» EXERCISE DATA:
Start of Block
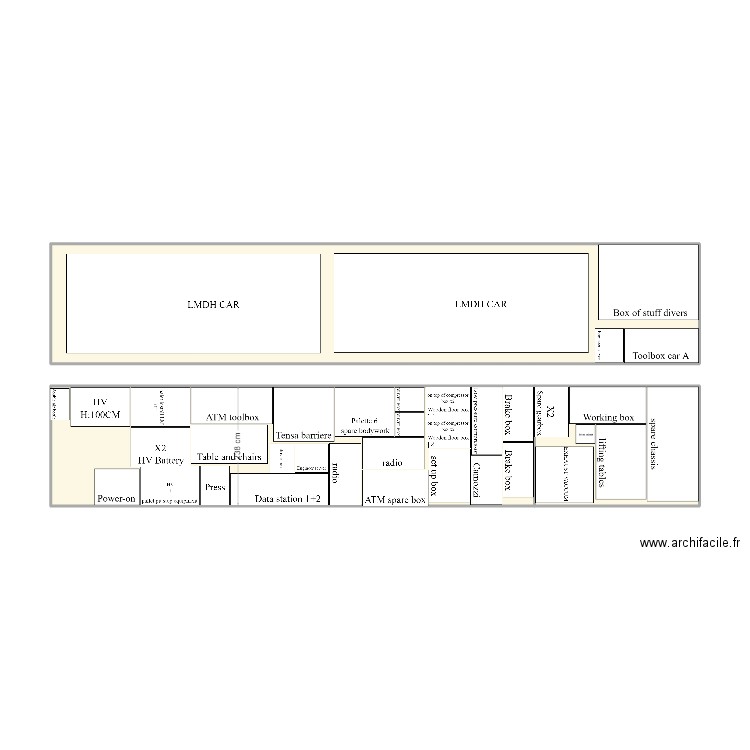 ligier/LM 24h T2. Plan de 3 pièces et 61 m2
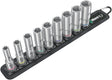 WERA Steckschlüsseleinsatzset Belt B Deep 1 9-teilig SW 8-19 mm Antrieb 10 mm (3/8″)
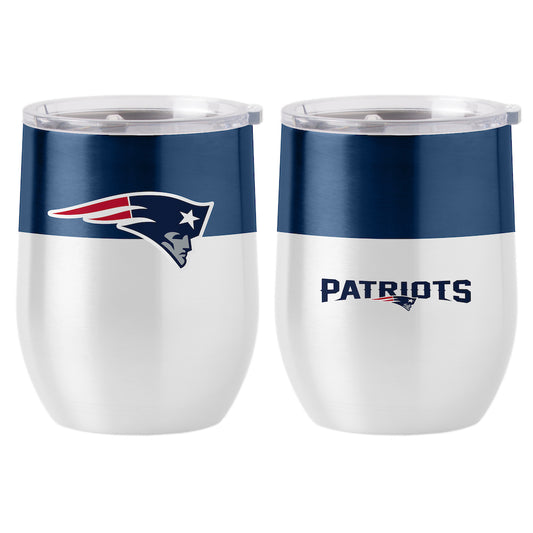 New England Patriots color block curved drink tumbler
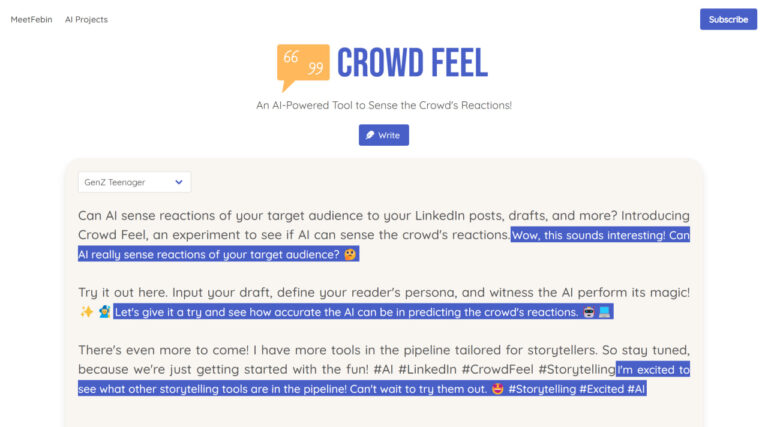 Read more about the article Crowd Feel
End of Block
Nothing but the lines from the line containing "WERA Steckschlüsseleinsatzset Belt" through the last line of the material may be output, and they must be copied exactly, without pictures.

 WERA Steckschlüsseleinsatzset Belt B Deep 1 9-teilig SW 8-19 mm Antrieb 10 mm (3/8″)
 New England Patriots color block curved drink tumbler
 Read more about the article Crowd Feel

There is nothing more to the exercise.